Yesterday, American International Group Inc. (AIG) announced the sale of unsecured senior notes worth $250 million. The proceeds of these notes are expected to be utilized for enhancing the operational performance of the company. Accordingly, the $250 million three-year fixed-rate notes are issued at a price of $99.908, bearing a coupon rate of 2.375% and yield of 2.407%. The notes are dated to mature on August 25, 2015. The notes are callable and projected to have a spread of 200 basis points (bps) over the US Treasuries. Interest on the notes will be paid semi-annually, in equal installments.
Meanwhile, AIG appointed Morgan Stanley (MS), JP Morgan Chase & Co. (JPM) and Citigroup Inc. C) as the joint book-running managers for the sale. The above-mentioned set of fixed-rate notes carry a rating of "Baa2" and "BBB+" from Moody's Investor Service of Moody's Corp. (MCO) and Standards & Poor's (S&P), respectively.
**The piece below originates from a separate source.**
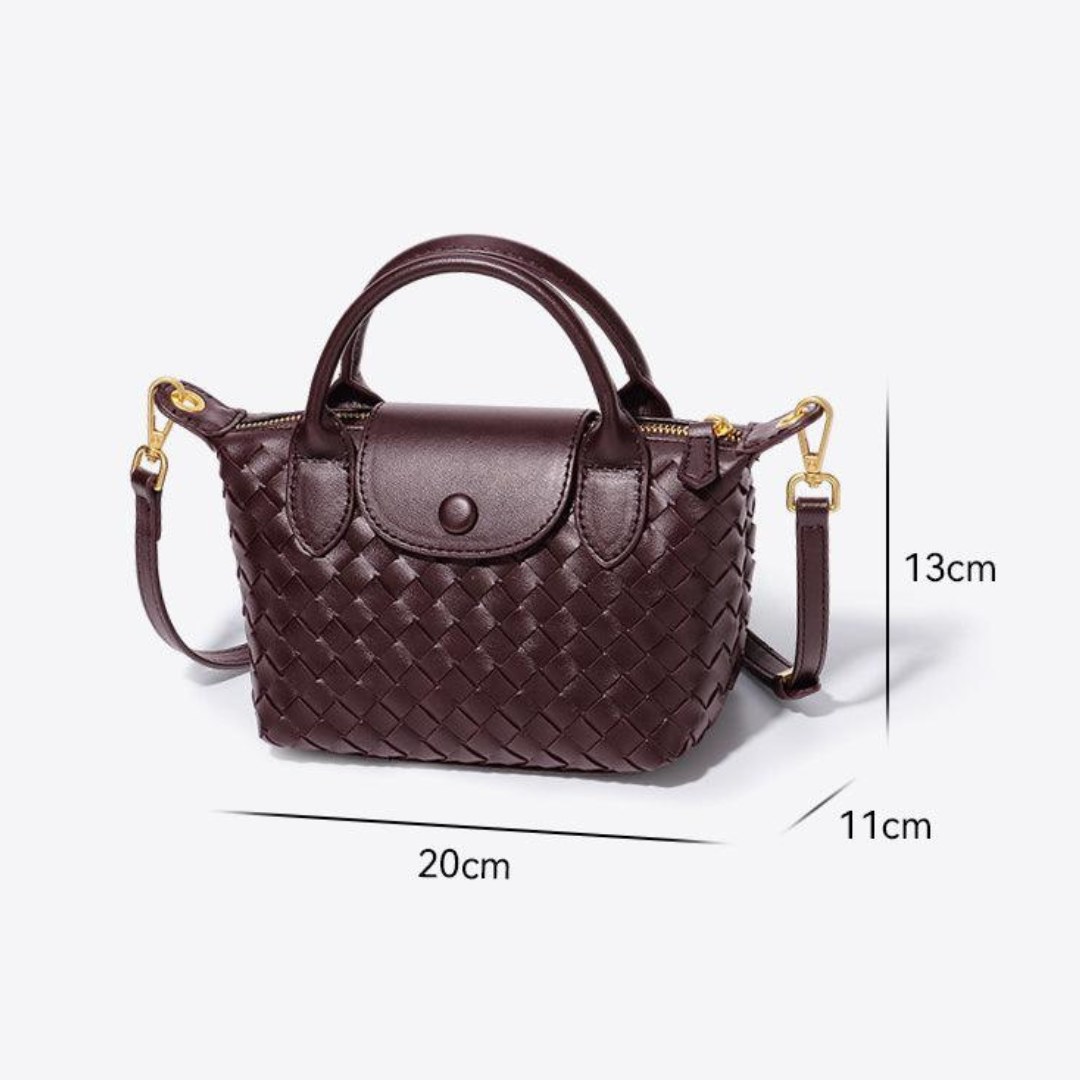 Kompaktowa torebka z plecionym wzorem – elegancja w mini formacie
Earlier this month, Moody's had affirmed the senior unsecured debt of AIG at "Baa1" rating, while the insurance financial strength (IFS) of AIG's businesses - Chartis and SunAmerica were confirmed at "A1" and "A2", respectively. The assertion came after the company posted healthy second-quarter 2012 financial results, which was followed by buying back shares worth $2.0 billion from the US Treasury, thereby reducing the latter's stake to 53% from the prior 61%. The consistent repayment of the government's bailout loan also appears to leave ample scope for raising debt for business operations.
AIG is enjoying a sustainable financial leverage and pre-tax interest coverage along with a strong operating cash flow. The company also has excess liquidity in its Direct Investment book (DIB), a runoff portfolio, which includes the interest of Maiden Lane III. Hence, the company need not use its cash and other fund sources apportioned for operations currently.
Conversely, these fund sources enhance the company's capital flexibility. Going foreward, the simultaneous improvement in the company's credit curve and earnings potential from Chartis and SunAmerica should provide the required buoyancy for long-term growth.
Additionally, AIG is likely to reduce its financial leverage and augment its pre-tax interest coverage through consistent debt reduction and improvement in core operations in the next 12-18 months.
Overall, we believe amidst the macro-economic factors and interest rate volatility, AIG has the potential to liberate itself from the clutches of the government, while also being able to maintain a strong and competitive business profile in the future. Currently, AIG carries a Zacks Rank #2, which implies a short-term Buy rating although the long-term recommendation remains Neutral.